Most leaders work on the assumption that “It’s encrypted” and “We’re safe.” That guess now has a deadline.

The new risk is clear: a big quantum computer in the future could break the RSA and elliptic-curve public-key cryptography that keeps most of our digital world safe. If this happens, an enemy could decrypt any encrypted data you send today if they intercept it and store This technique, known as the “harvest now, decrypt later” attack, transforms long-term data assets such as M&A archives, health records, intellectual property, and state secrets into a time bomb that can detonate at any moment.

The answer is starting to take shape now.

The answer is post-quantum cryptography (PQC). PQC replaces the weak math problems used by RSA and ECC with new ones believed to be safe from quantum attacks.

Diversification is the most important thing for executives to remember. We are not switching out one “magic” algorithm for another. The global cryptographic community is building a new, diverse base on a number of different mathematical families:

  1. Lattice-based: This family is the new leader in most signing and encryption, and it is likely to become the default.
  2. Hash-based: A safe and reliable choice for digital signatures that people like because they know how secure it is.
  3. Code-based: A well-studied, mature method that adds important variety to the ecosystem.

This plan with many parts makes sure we don’t put all our eggs in one basket.

The Standards Are Here: From Theory to Mandate

For leaders, the most important mental shift is that PQC is no longer a research topic. It is a program for moving people.

Thanks to Raimundo Jiménez, the Group Chief Information Security Officer at Zehnder Group International AG, who recently explained the following to me. The National Institute of Standards and Technology (NIST) has already completed the first set of PQC standards:

  • FIPS 203 (ML-KEM) is the main replacement for RSA/ECC for key exchange, like when you use TLS to browse the web or connect to a VPN.
  • FIPS 204 (ML-DSA): The main standard for digital signatures, which are used to prove your identity and sign software.
  • FIPS 205 (SLH-DSA): A strong signature scheme based on hashes that acts as a safety net.

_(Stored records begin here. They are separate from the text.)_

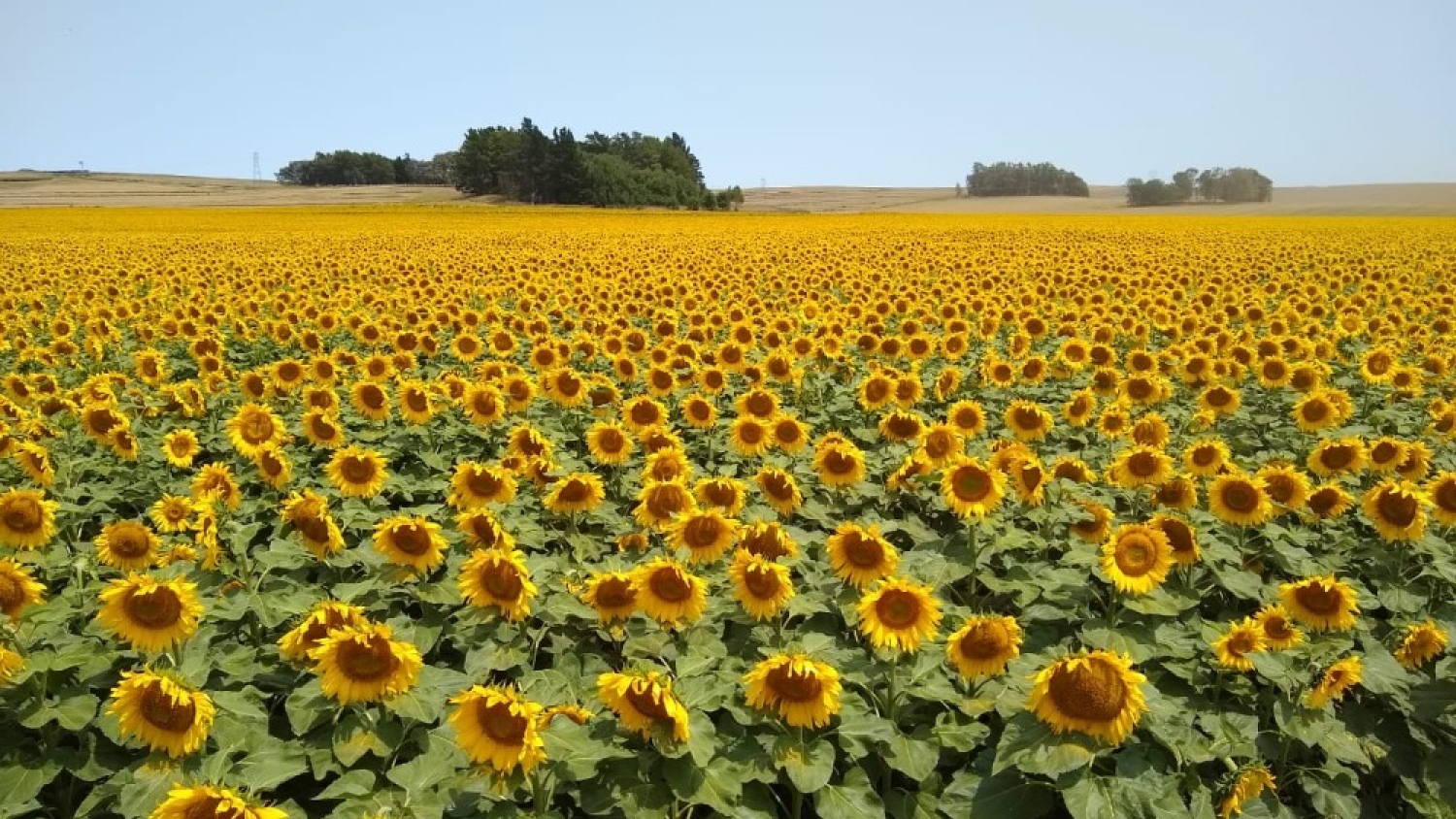 Charla virtual gratuita:  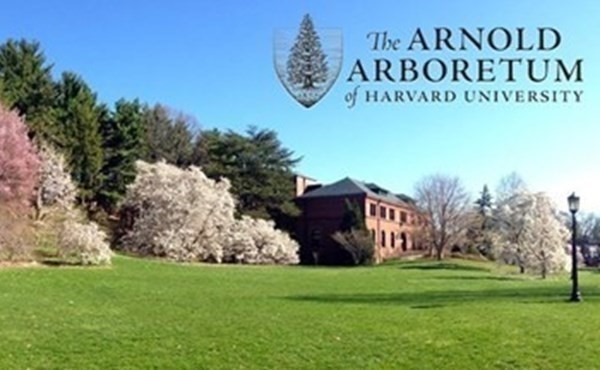 91 Bynner Street, Unit 1 Boston, MA 02130 - Photo 27 of 35 a view of garden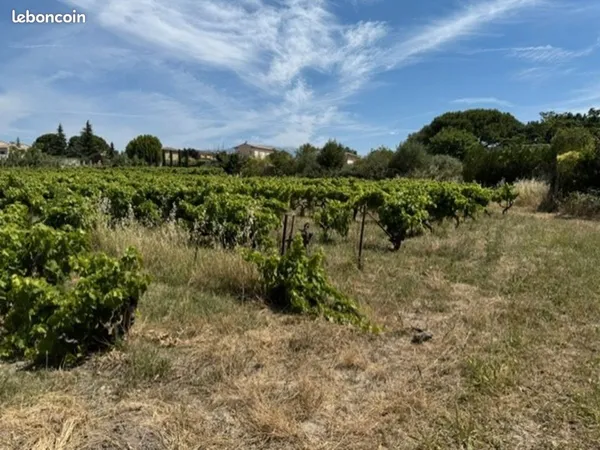 Terrain 729 m² Mazan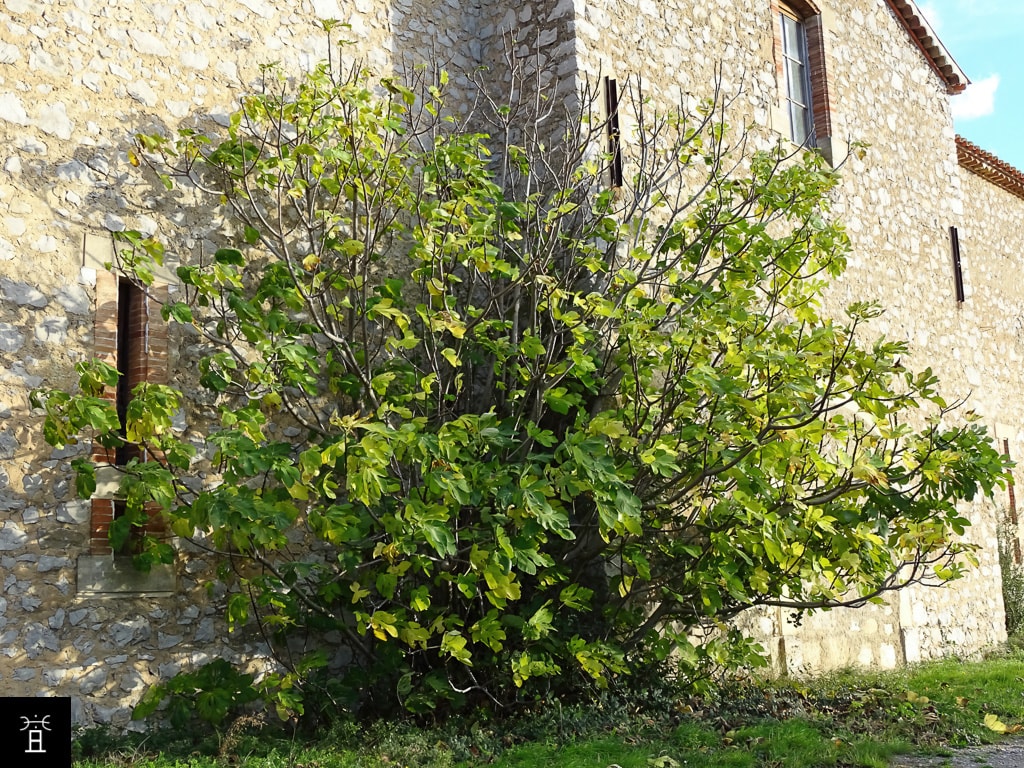 Caprifiguier Novembre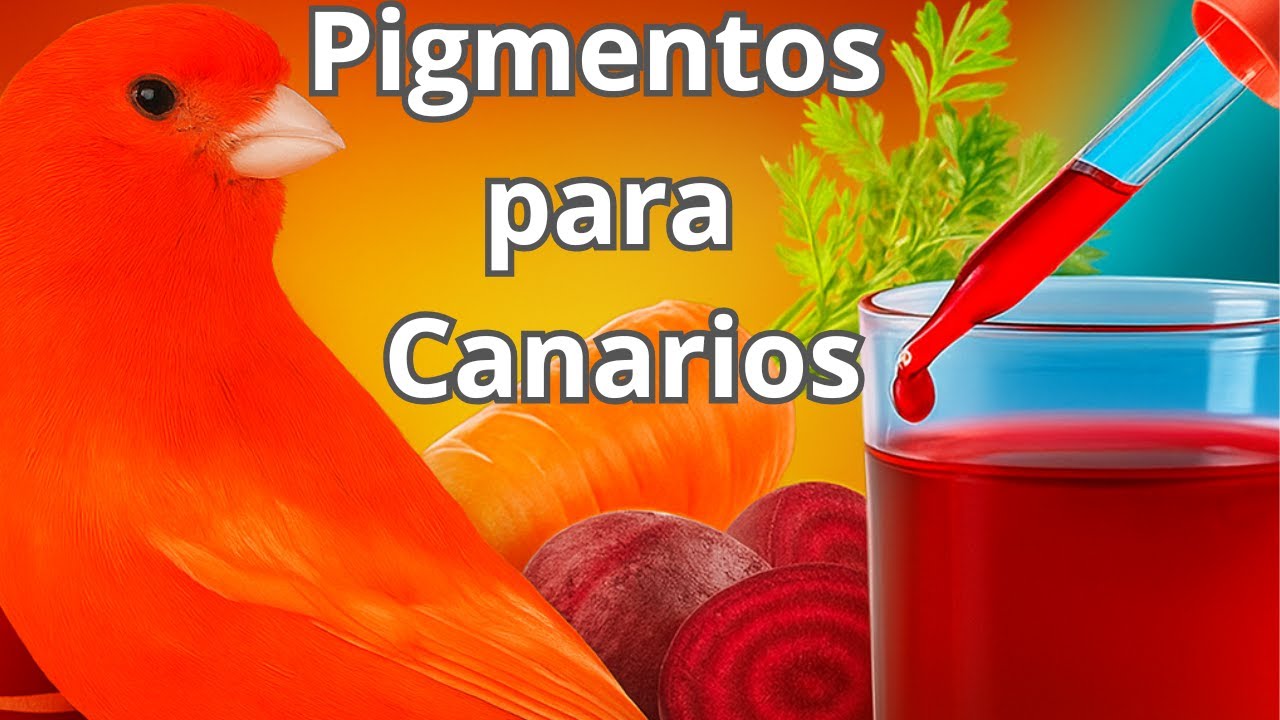 LOS MEJORES COLORANTES para CANARIOS ROJOS (Así se pigmentan los canarios de factor rojo)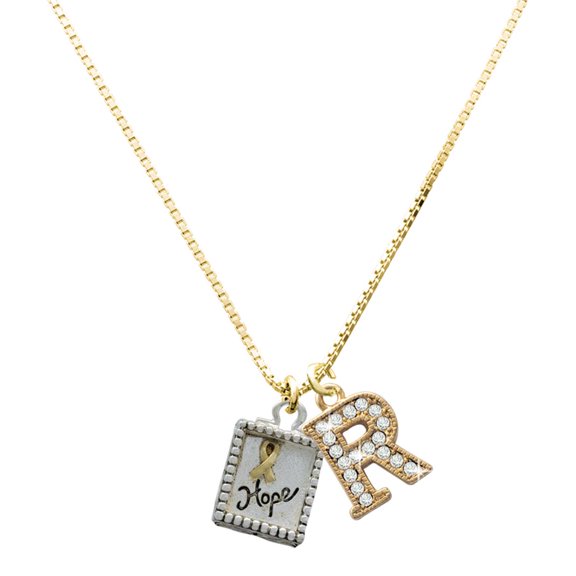 Delight Jewelry Two-tone Shadow Box ''Hope'' with Ribbon - Large Goldtone Crystal Initial - R - Charm Necklace, 17.5"+2"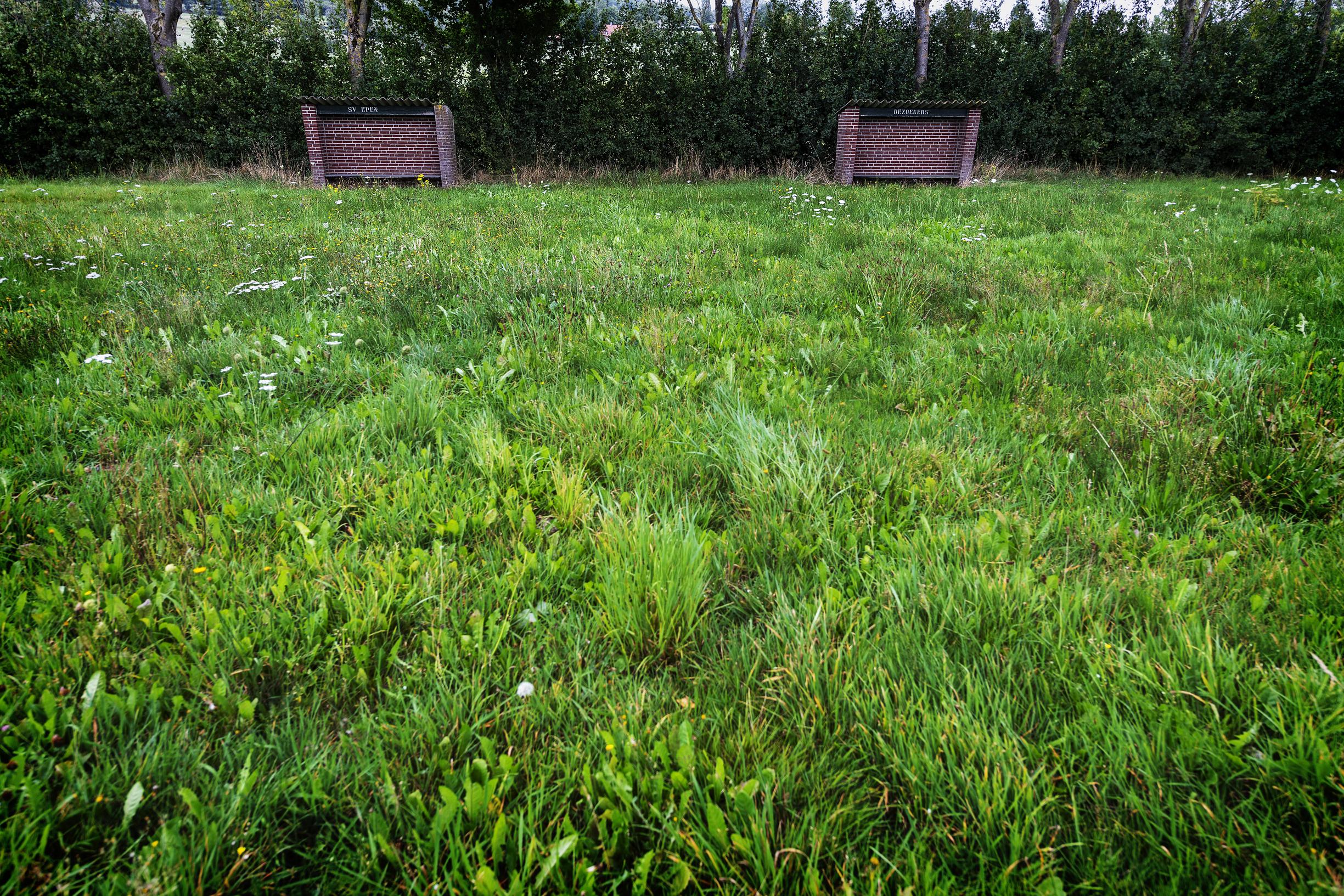 Voetbalterrein in Epen wordt ingericht als natuurgebied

There are already more standards in development that will make the cryptographic toolkit even more diverse and strong. The question for leaders is no longer whether this change will happen, but whether we will be ready when regulators and big partners want it to happen.

Trust, Risk, and Time

You don’t have to know the math, but you do need to know the risk profile:

  1. Data Lifespan vs. Quantum Timeline: Your sensitive data needs to be safe for 25 to 30 years, even if a powerful quantum computer isn’t available for another 10 years. This data has been around for a long time, so the threat is already there.
  2. Moving is like a marathon: updating cryptographic systems across an entire business, including old apps, embedded systems, and third-party integrations, is a long and complicated process that can take years. Now is not too early; it is necessary.
  3. Regulatory Pressure Is Growing: The financial services, healthcare, and critical infrastructure sectors are already being told to look into quantum risk and plan for PQC migration.
  4. Trust is an Edge in Business: “Are you quantum-resistant?” will soon be a common question in RFPs, security audits, and due diligence. Being proactive will set you apart in the market.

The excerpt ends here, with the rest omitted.